Turbulent global context for new Government
While the important domestic issues on the new Government’s agenda are its priority, several crucial capital Cs also loom for it in the global context, writes Peter Davis.
The biggest capital “C” of consequence for New Zealand is China, where just under 30% of our goods exports go. This is a high level of reliance on a single market.
With its 100-day legislative programme the incoming Government is understandably focused on the domestic issues of interest to its three coalition partners. But there is an international context to New Zealand politics. In due course these will loom large in policy-making.
With this in mind The Helen Clark Foundation mounted an interview with David Skilling, the founding director of Landfall Strategy Group, an advisory firm that provides advice and insights on global economic policy and political dynamics to assess the key international issues on the horizon.
First up in global news is the IsraelHamas conflict in Gaza, although the Ukraine-Russia war also remains in the headlines.
From a New Zealand point of view should we be concerned that either of these present a threat to world peace and order that could have ripple effects in our part of the world?
Most commentators see little likelihood of the Gaza conflict escalating, in the main because the key actors in the Middle East simply do not want this.
But one effect it is having is in leaching support away from Ukraine, and adding an extra level of risk on oil prices. It is also distracting the United States (US), thus opening up a potential power vacuum in East Asia.
Aside from the major “C” of conflict in Ukraine and the Middle East we have also in recent times the “C” of Covid, in the future the global challenge of Climate Change – and, in many ways the biggest of them all, China as an economic partner and regional power.
How do these impinge on New Zealand?
Covid now features little in domestic and international affairs, except doubts about the role of the Reserve Bank.
Did it do too much to spur inflation, has it done too little to tamp it down?
Like New Zealand, most countries saw a spike in inflation following aggressive fiscal and monetary responses to the pandemic, a spike that was compounded by supply-side constraints and higher energy and food prices.
In general terms New Zealand has experienced the same broad contours of inflation that have been globally experienced and determined: as inflation has risen, so it will decline with global trends and concerted Reserve Bank action.
Climate change is another contentious issue where partisan lines are strongly drawn, yet key sectors of New Zealand’s economy are at risk with policy and other developments in climate change – in particular, dairying, meat, and long-haul tourism.
Given the high emissions intensity of these areas we can expect to be adversely affected by shifts in consumer preferences and the impact of carbon pricing, including EU border adjustments.
Given New Zealand’s strong scientific and hands-on experience and the economic incentives to get ahead of the curve it is surprising we have not made more progress in heading off these challenges to key aspects of the export economy.
The biggest capital “C” of consequence for New Zealand is China, where just under 30% of our goods exports go. This is a high level of reliance on a single market.

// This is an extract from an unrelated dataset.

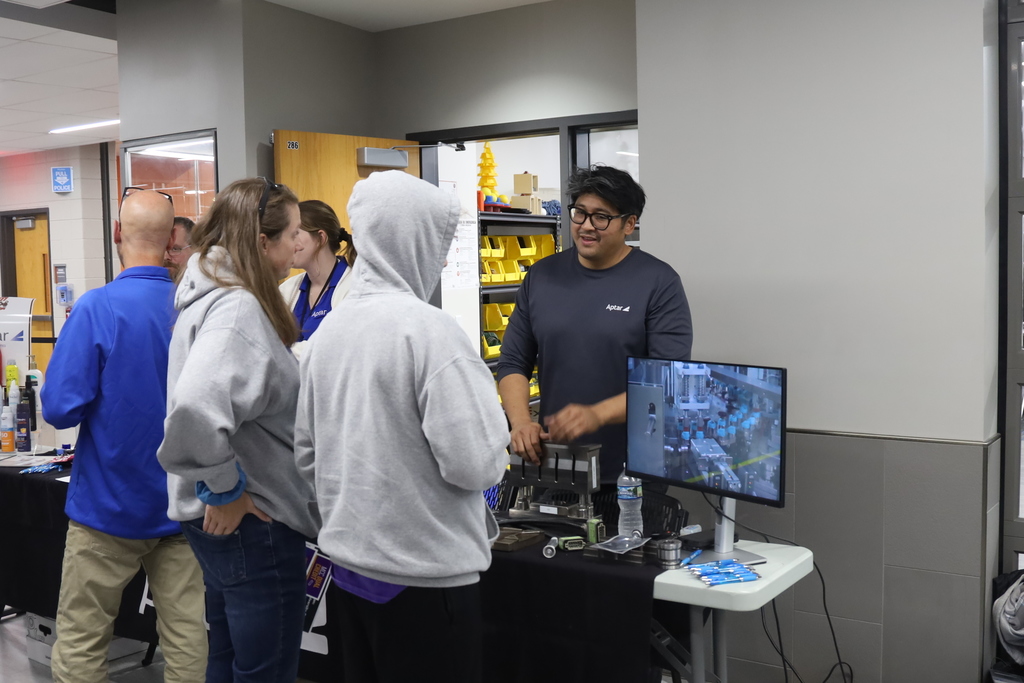 Person at vendor booth talking to a student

For example, European economies lie in the 5-10% range.
The issue is not just the level of reliance, but also the fact that China is experiencing a slowdown in economic growth, an ageing population, lack of institutional infrastructure for an autonomous and thriving market economy, and the potential prospect of being caught in a middle-income trap like Malaysia, Indonesia, and the Philippines, rather than a transition to high-income status like Japan, Singapore, and South Korea.
So what should and can New Zealand do in this difficult economic context? There is definitely the need and potential to “de-risk” certain troubling features of the country’s external economic condition, such as an excessive dependence on the China market, vulnerability to complex and lengthy supply chains, and high emissions intensity for major parts of our export sector.

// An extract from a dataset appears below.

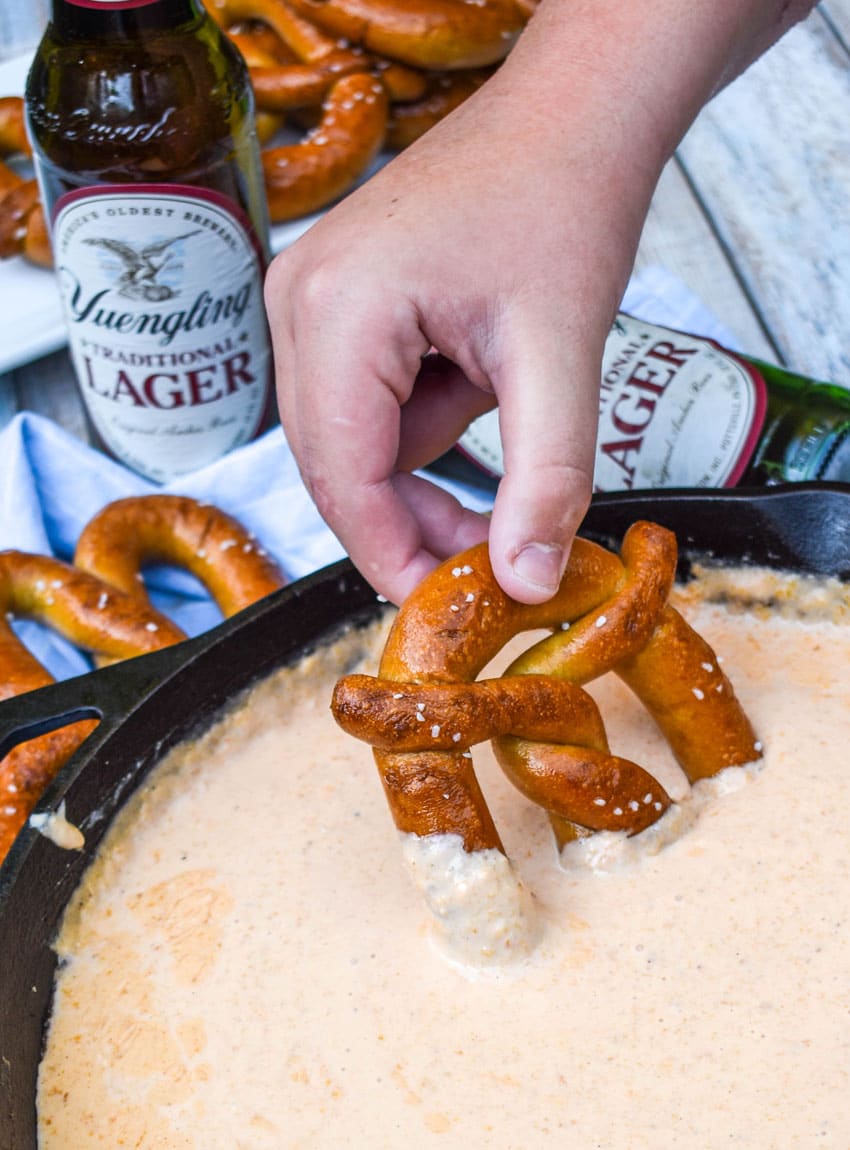 a hand dipping a soft pretzel into a skillet of smoked beer cheese dip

Are there any bright spots?
The US economy is thriving; it is growing strongly, most recently recording a gain of nearly 5%.

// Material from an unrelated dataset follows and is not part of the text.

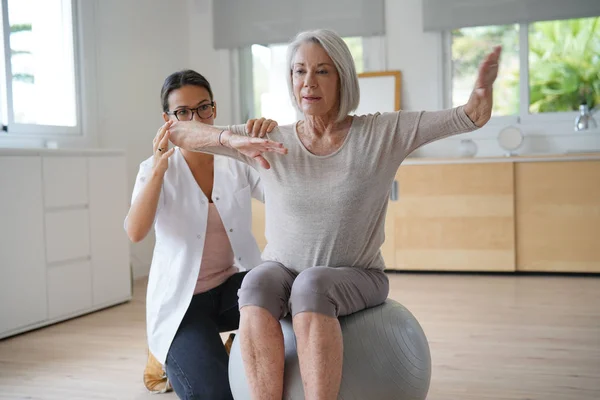 Senior woman exercising with her physiotherapist and swiss ball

Yes, the US is becoming more protectionist, and is building up massive public debt, but the growth fundamentals are strong. The country is on a roll, with domestic politics being the biggest constraint.
How about India? A democratic country with Commonwealth and other connections and now the largest country by population in the world.
Yet it has a strong protectionist bias, particularly in agriculture.
Therefore, there are unlikely to be any short-term gains, but this bears persisting with.
Looking at the world, therefore, New Zealand faces a constellation of issues: domestically, high levels of private sector debt and big current accounts deficits, and internationally, high public and private debt, high interest rates, rising oil prices and commodity price shocks - and that’s even before we get to climate change, Artificial Intelligence, and a raft of other issues.
Once the new Government gets to the finish line of its 100-day legislative sprint, it will then have the marathon of dealing with a world in which a small country like New Zealand is bobbing like a cork in an increasingly turbulent ocean.